Arquitectura

El misterio del atractivo de una obra arquitectónica nos conecta con algo absolutamente insólito y extraño para nosotros; nos aleja de nuestro  hábitat familiar y nos conduce directamente a la percepción instintiva de lo que está más allá del límite de nuestro conocimiento. Si la música nos abre la puerta a percibir el telón de fondo temporal que nos contiene, la arquitectura nos  arrastra a la experimentación del espacio: tiempo y espacio (o mejor espaciotiempo) son los ingredientes siempre presentes en el trasfondo de nuestra efímera existencia y, a través de ellos, conectamos con lo más profundo que nos abarca.



La naturaleza es arquitectura en bruto

Desde que nacemos hasta que morimos nuestra existencia concreta está circunscrita a un espacio en el que nos movemos y vivimos. En ocasiones ese espacio es pura naturaleza, como este paisaje, o a menudo es modificado por el ser humano, como sería el caso del hogar en que nos refugiamos cada día.

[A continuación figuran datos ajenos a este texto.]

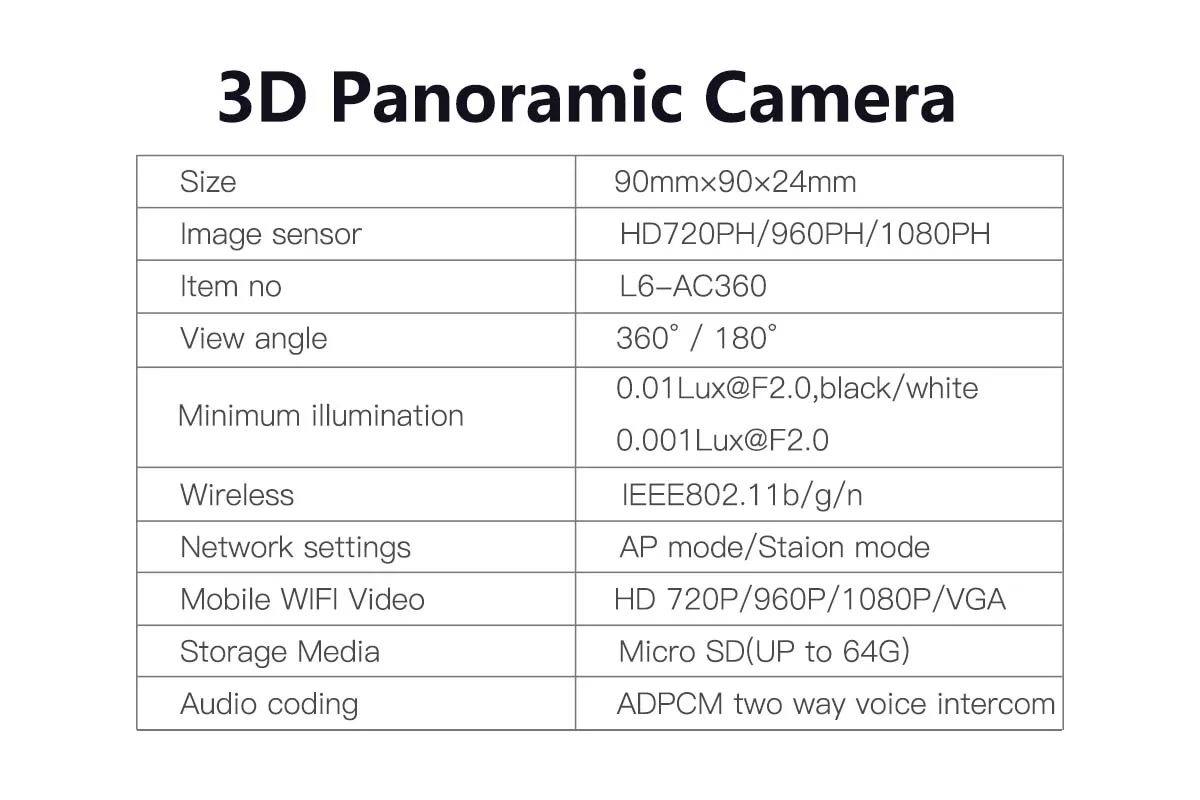 Kamera Luar Ruangan Lanbon IP66 IP WIFI Dikendalikan oleh Aplikasi Seluler 1080P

En los primeros momentos de nuestra especie, hace ya muchos miles de años, la naturaleza era el único y vasto lugar en el que estábamos confinados: desde el suelo, con sus rocas, tierra, árboles, lagos, ríos o mar, hasta  el cielo, azul, nublado o estrellado, nosotros íbamos por ahí como el resto de especies vivas que compartían ese hábitat con nosotros. La naturaleza abierta y ancha era el espacio en el que nuestros antepasados consumían el tiempo de su existencia. Y esto fue así a lo largo de la mayor parte de la historia de nuestra especie. Durante toda esta dilatada época lo único que hacíamos era adaptar la naturaleza a algunas de nuestras necesidades, de la misma manera que un pájaro construye un nido o un oso utiliza una caverna para dormir. Todo cambió cuando hace solamente unos diez mil años, con la eclosión de la agricultura, dimos un salto sustancial en el control del espacio al empezar a construir casas para vivir, templos para creer y palacios para dominar. El cambio en nuestra manera de vivir nos indujo a artificializar el espacio que hasta aquel momento había sino natural. 

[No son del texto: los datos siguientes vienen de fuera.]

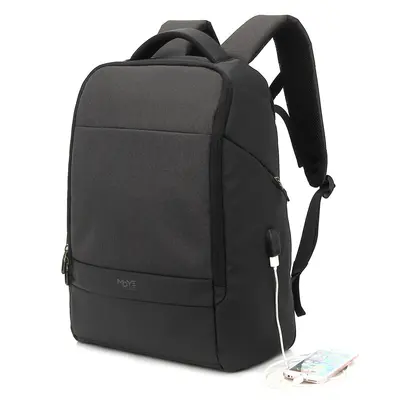 MOYE TRAILBLAZER 15.6" BACKPACK BLACK O2-5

La domesticación del espacio

Hubo un momento en nuestra evolución en que aprendimos a domar el espacio para adaptarlo a nuestras necesidades. La naturaleza se desparramaba a nuestro alrededor y necesitábamos tomar una pequeña porción de espacio que nos sirviera de cobijo y nos proporcionara seguridad. Y es así como aquellos primeros homínidos cazadores y recolectores, pequeños grupos de nómadas en busca de sustento y de supervivencia, comenzaron a construir pequeños refugios, en la mayor parte de las ocasiones frágiles y caducas construcciones hechas con aquello que tenían a mano: ramas, hierbas, pieles, barro… No ha llegado hasta nosotros ninguna de estas antiguas construcciones, pero con toda seguridad que la tecnología no era tan primitiva como pensamos; la combinación de elementos de la naturaleza no solamente permitía protegerse del frío, del calor o de la lluvia sino que su funcionalidad iba mucho más allá: eran lugares en los que se salvaguardaba el descanso nocturno y diurno, la protección de depredadores y de otros animales (se han encontrado antiquísimos lechos con una base de cenizas y de vegetales repelentes de insectos) y también la intimidad.

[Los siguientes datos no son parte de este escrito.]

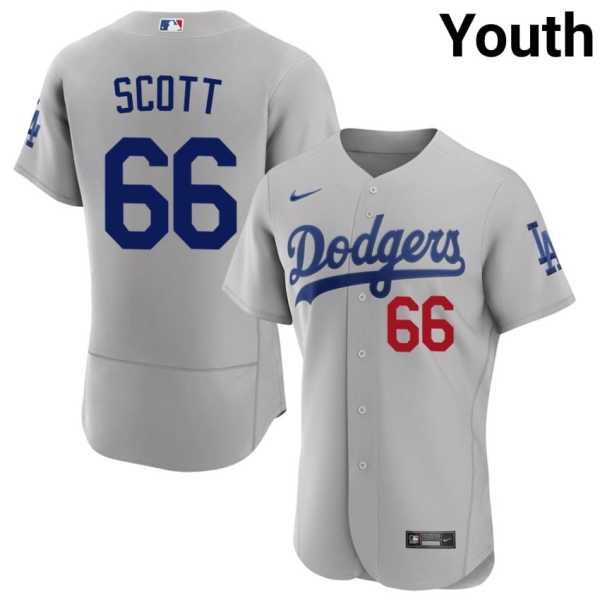 Youth20202620Tanner20Scott20dodgers20baseball20jersey20gray.jpg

Esta arquitectura primitiva es la que se ha desarrollado a lo largo de casi toda nuestra existencia como especie humana. Si tomáramos como referencia un periodo de unos 200000 años, la mayor parte de este tiempo hemos vivido en estas condiciones; toda la arquitectura del último cortísimo periodo, desde que hace 10000 años descubrimos la agricultura, echa raíces en aquel control del espacio que cultivamos a lo largo de muchísimos miles de años para adaptarlo a nuestra existencia.